Yeah, I gotta say that the music video for Yukihiro Takahashi's(高橋幸宏)"Walking to the Beat" is properly oddball 1980s. It's got the intriguing semi-computer graphics animation from that decade, and a large-stage setting reminiscent of the one used for Styx's famous "Mr. Roboto". Additionally, I was getting hit with "Doctor Who" vibes thanks to Takahashi's makeup for his alien priest getting ready for an uprising. The whole feeling is that the video would have been a prime candidate for inclusion in that "City Limits" midnight series of offbeat videos that I used to watch Canada's MTV equivalent of MuchMusic.

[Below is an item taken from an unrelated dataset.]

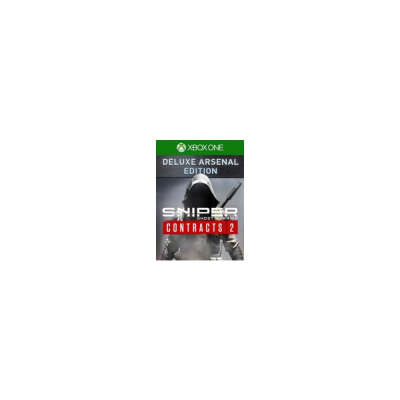 Sniper Ghost Warrior Contracts 2 Deluxe Xbox One
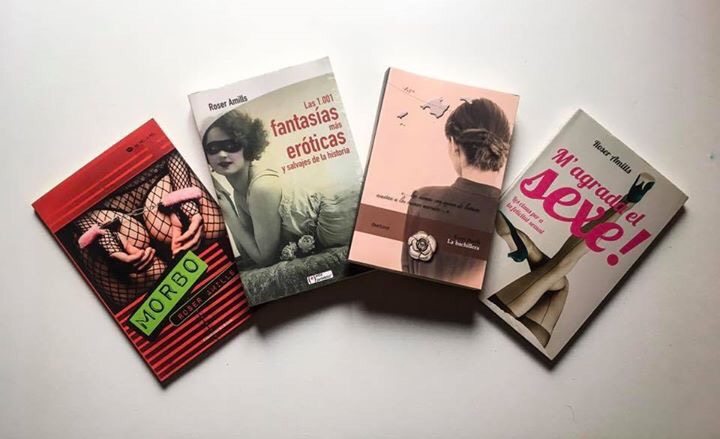 Libros publicados de roser amills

"Walking to the Beat" was the final track of Takahashi's November 1984 6th studio album "Wild & Moody". Takahashi and Australian singer-songwriter Iva Davies wrote and composed the song as this baroque New Wave number that indeed sounds so 1980s. Davies would later create the soundtrack for the 2003 film "Master and Commander: The Far Side of the World" starring Russell Crowe. As for "Wild & Moody", that hit No. 13 on Oricon.
This is my fifth article for the blog today, a bit unusual since my maximum is usually four but seeing that my Kalafina article was No. 89 for July and we are on the final day of the month, I just had to make that extra push to make 90 articles for the third time this year.